Tailored TCOs

The metal-like electrical conductivity in combination with a high visual transmittance is the characteristic property that opens up a broad spectrum of applications to transparent conductive oxides (TCOs). To fulfill the manifold requirements in each individual case, especially the optical properties of TCOs have to be adapted. The transmittance in the near infrared spectral range can be tailored by a modification of the carrier concentration N and mobility µ. The theoretical description for this behavior is based on the well-known Drude theory. Highly conductive indium tin oxide films (ITO) have been prepared by pulsed DC magnetron sputtering. However, due to its excellent electrical properties, the plasma resonance of free carriers occurs near the visual spectral range which results in a very low transmittance in the NIR. In contrast, ITO films with a NIR transmittance of ca. 80% have been prepared by plasma ion assisted evaporation.
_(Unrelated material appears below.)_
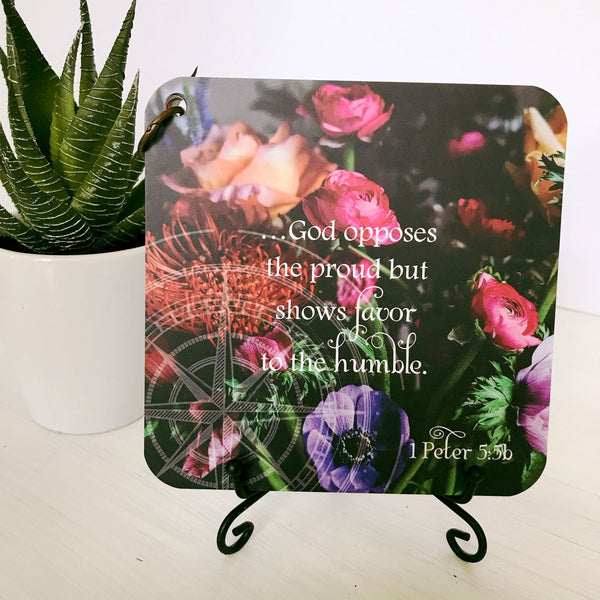 Scripture card with 1 Peter 5:5b displayed on the black iron display easel.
The combination of high transmittance and low resistivity of p=7.4x10-6 omega was achieved by a decrease of the carrier concentration and a simultaneous enhancement of the electron mobility µ. Secondary, the transmittance of aluminum doped zinc oxide films (AZO) in the UV spectral range could be adapted by changing the doping concentration N. This is a direct consequence of the Burstein-Moss shift that leads to a band gap widening dependent on N. However, the comparison of the experimental data with theory has shown that the contrary effect of band gap narrowing is not negligible, too.